Mozilla is pulling the plug on its Firefox Reality browser.
Firefox Reality is an open source web browser designed for augmented reality (AR) and virtual reality (VR) devices that debuted in 2018 for Oculus, Google Daydream, and HTC Vive devices. It's also available for Microsoft HoloLens and Windows Mixed Reality devices.
"Since its launch," Mozilla says in its announcement, "Firefox Reality offered users a unique browser in the mixed reality space. It was the first cross-platform browser built by a trusted company, Mozilla, and quickly adopted by companies for use in their hardware devices."
Yet the company plans to remove Firefox Reality from all software marketplaces—including the Microsoft Store, Viveport, and Oculus—"in the coming weeks." (Although the Firefox Reality website still claims that it's "coming soon" to Pico Interactive's platform.)
The underlying technologies will live on, however.
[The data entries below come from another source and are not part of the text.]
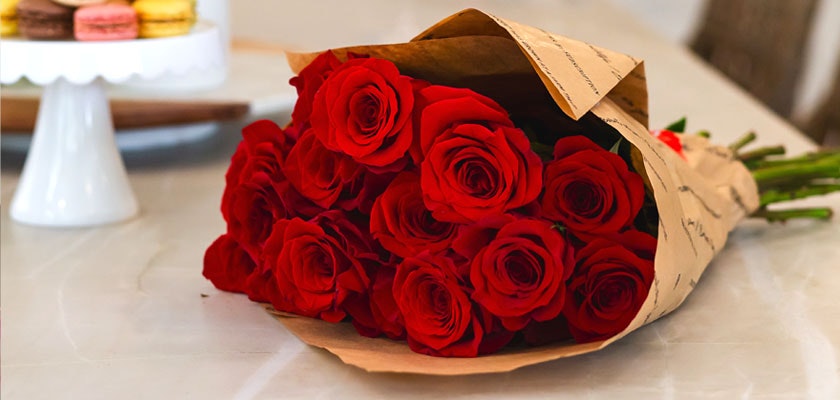A beautiful bouquet of vibrant red roses wrapped in elegant paper, perfect for gifts.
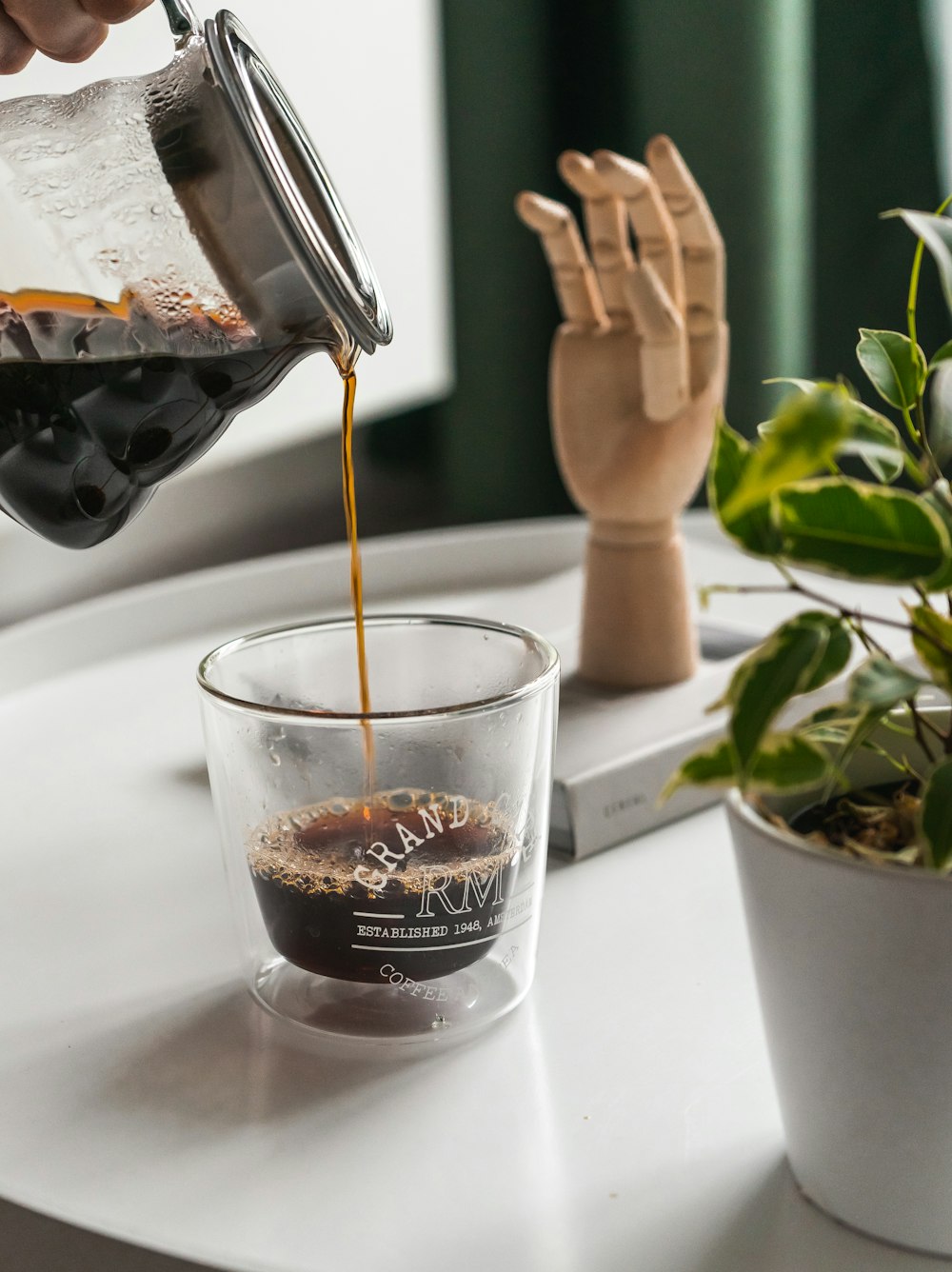 Selektives Fokusfoto einer Person, die Kaffee auf klares Trinkglas gießt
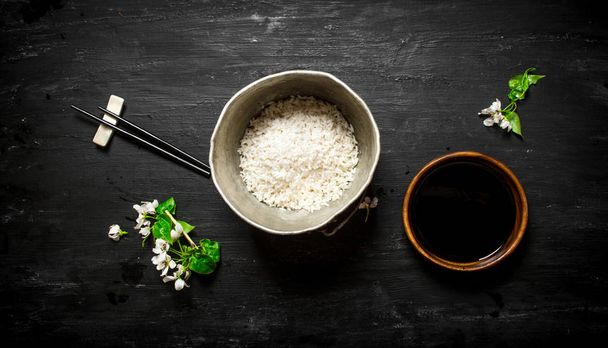 Rice in an old pot and soy sauce. - Фото, изображение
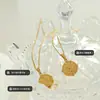 Collar de estilo ins europeo y americano no se decolora al por mayor reloj + huella dactilar redondo de doble cara colgante de acero de titanio accesorios versátiles para mujer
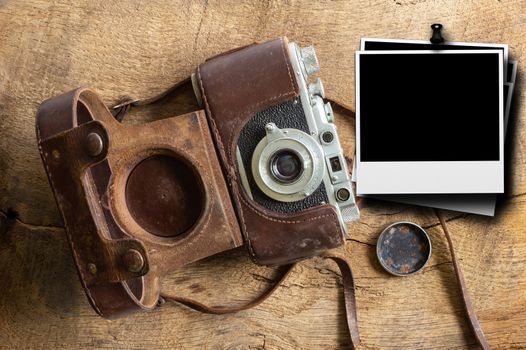 Ancient old vintage film camera with old lether cover and polatroid frames on brown old wood background. Flat lay, close up. Antique, vintage, grunge, classic concept. Mock up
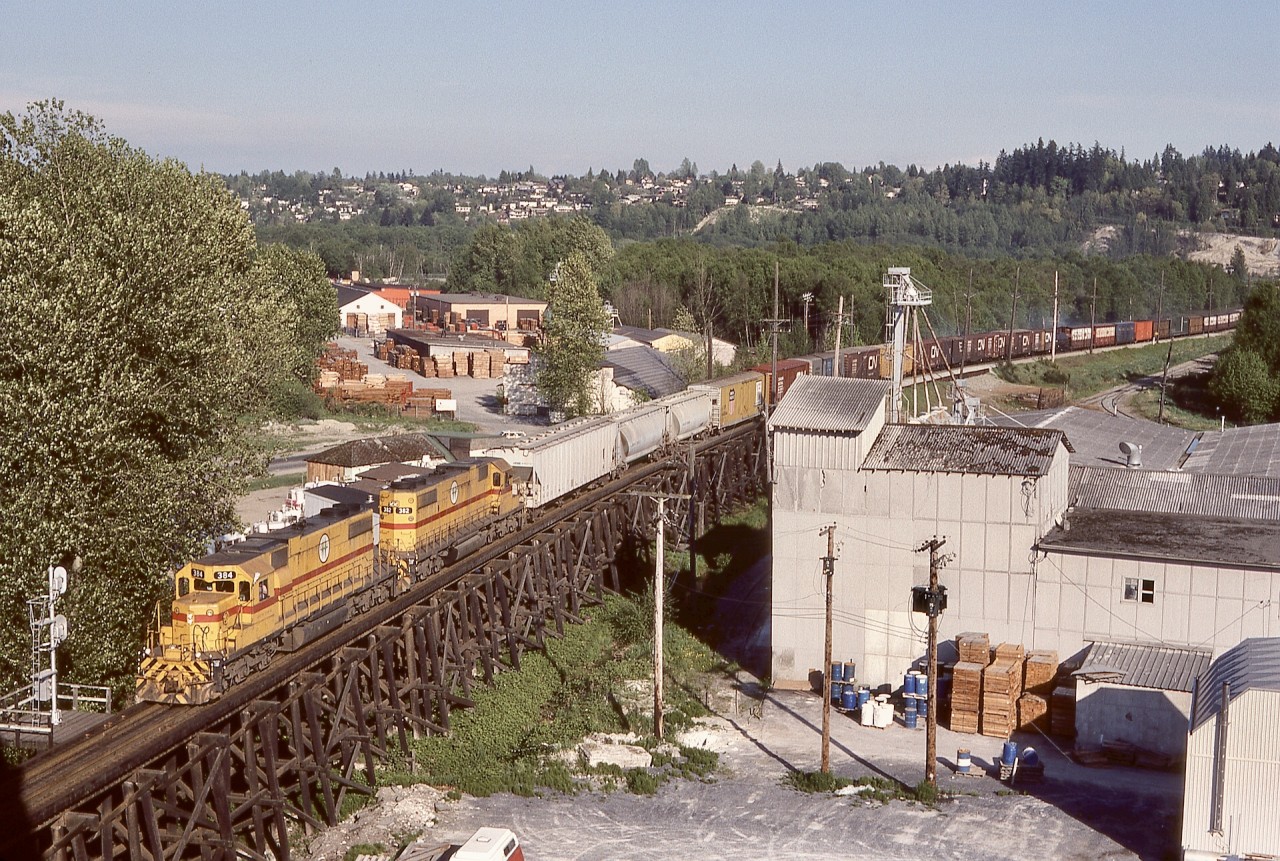 A pair of EMD SD38-2s, BC Hydro 384 and 382, brought a regular westward Valley Freight down Scott Hill and paused at the interlocking signal for the Fraser River Bridge to cross into New Westminster on Sunday 1982-05-09 at 1802 PDT, as seen here from the Patullo highway bridge sidewalk (ear plugs very handy for reducing road traffic noise).

This view was lucky timing for me, as twenty days later on 1982-05-26, a major fire involving the swing span of that Fraser River railway bridge completely disrupted local railway operations on BCH, CN, CP, VIA, and Amtrak, providing many photo opportunities when all rail traffic was detoured via a bridge from Mission City to Matsqui.
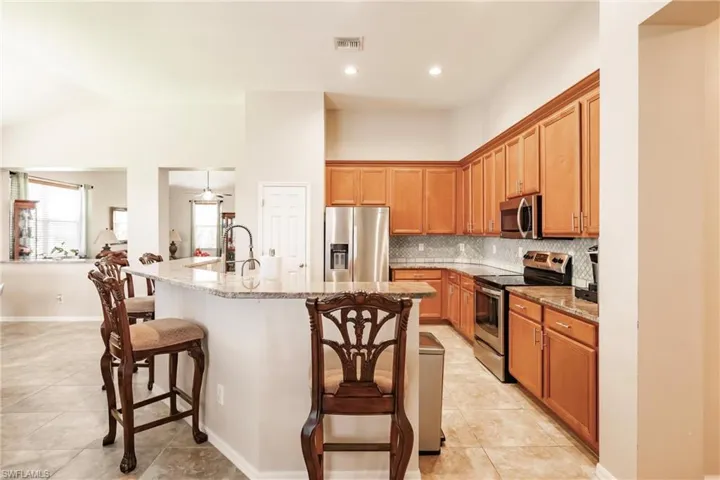 Kitchen with appliances with stainless steel finishes, an island with sink, light stone counters, a kitchen bar, and light tile floors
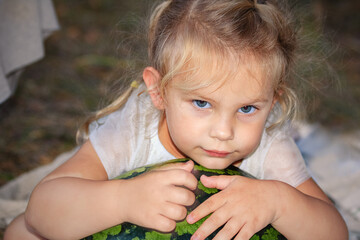 Portrait of a pensive little girl with blue eyes.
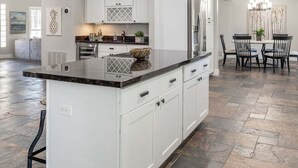 Une cuisine spacieuse avec des meubles blancs, un plan de travail en granit et un coin repas agrémenté d’un lustre.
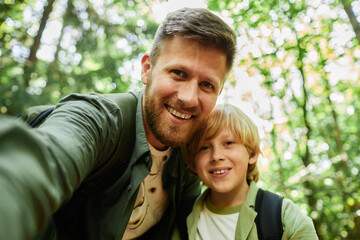 Portrait of father and son smiling for camera while taking selfie in lush green forest showing cheerful moment during outdoor adventure bonding experience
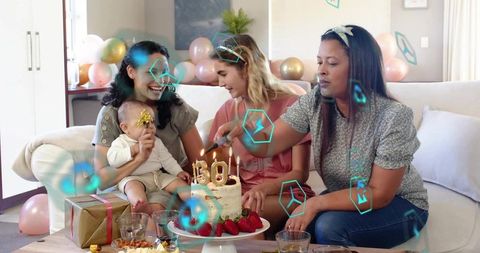 Three women and baby celebrating 30th birthday cake at home party with balloons and gifts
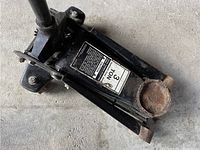 3 ton hydraulic floor jack showing label, lifting saddle, handle socket, signs of rust and dirt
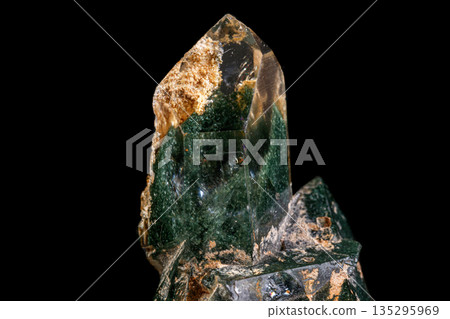 macro Axinite mineral stone on a black background 135295969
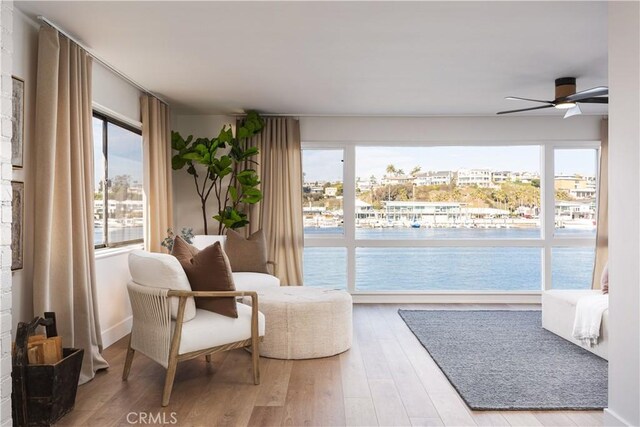 living area featuring a healthy amount of sunlight, wood finished floors, and a water view
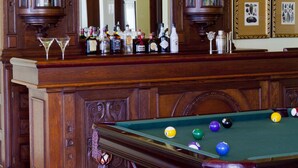 Une table de billard avec des billes, un bar avec des bouteilles et un lustre.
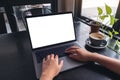 A woman`s hands using and typing on laptop with blank white desktop screen with coffee cup on wooden table in cafe Royalty Free Stock Photo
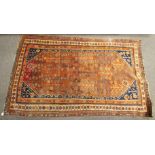 A Persian style rug. Of rectangular form with floral details on a red and orange ground.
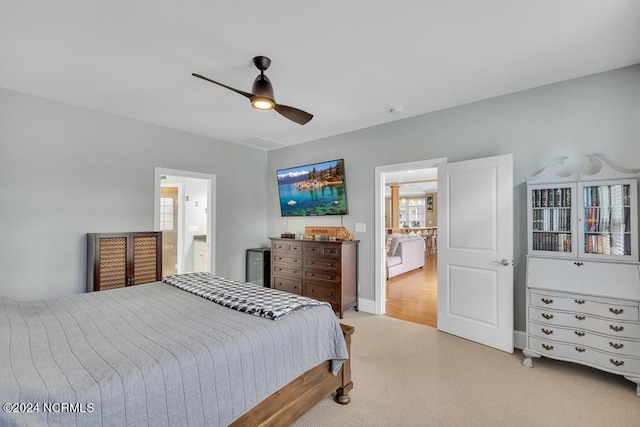 bedroom featuring ensuite bath and ceiling fan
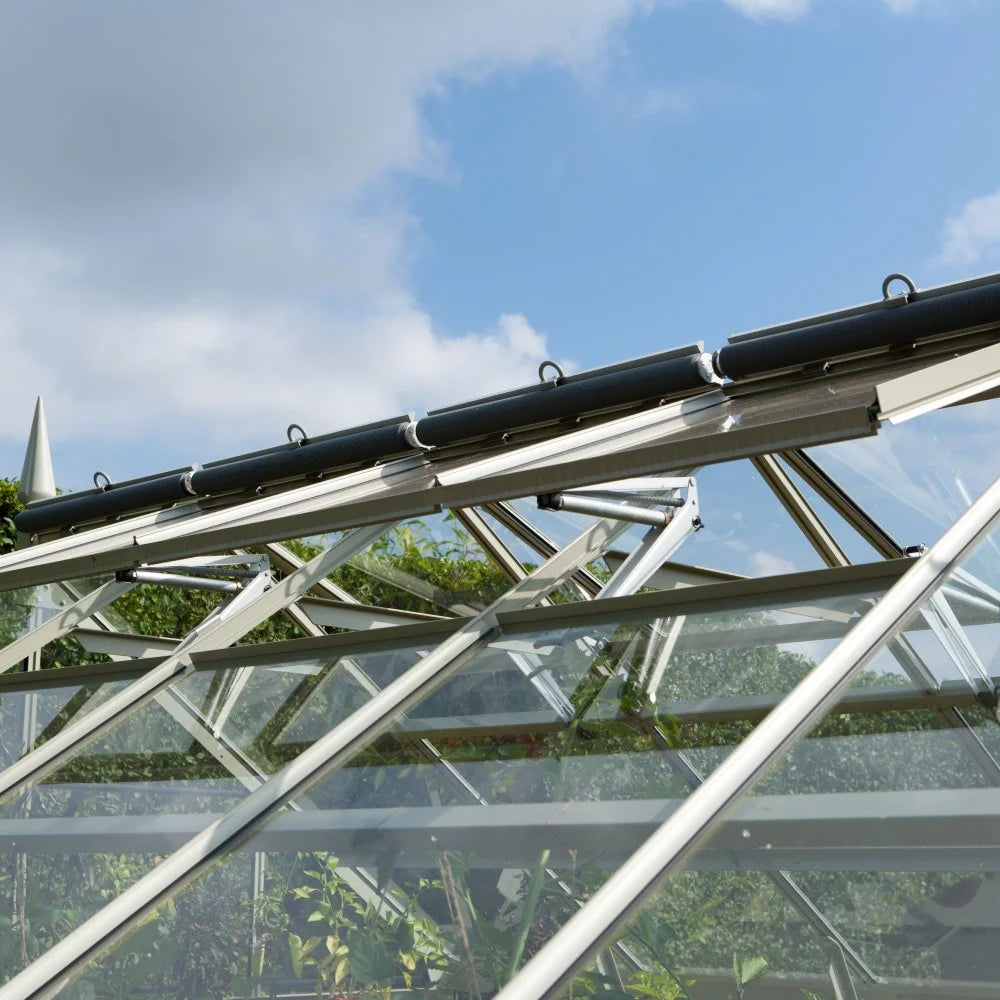 Glass Rhino Greenhouse panels form a structure with metal frames supporting them. The panels reflect sunlight against a backdrop of a blue sky with scattered clouds.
Mozilla says that "the Firefox Reality browser technology will continue under Igalia where they will uphold the same principles we started when we created Firefox Reality — an open source browser that respects your privacy."
Igalia will use the Firefox Reality technologies in a browser called Wolvic that, according to its website, is expected to be released to the Huawei AppGallery and the Oculus app store "very soon" with the promise that "more options will follow" at a later date.
"Firefox Reality was an interesting and important development that began in Mozilla Research while XR devices were still quite young," Igalia says on the Wolvic website. "Since then, more mature standalone devices have entered much wider consumer markets and the Firefox Reality Browser project needed new investment, updates and nurturing."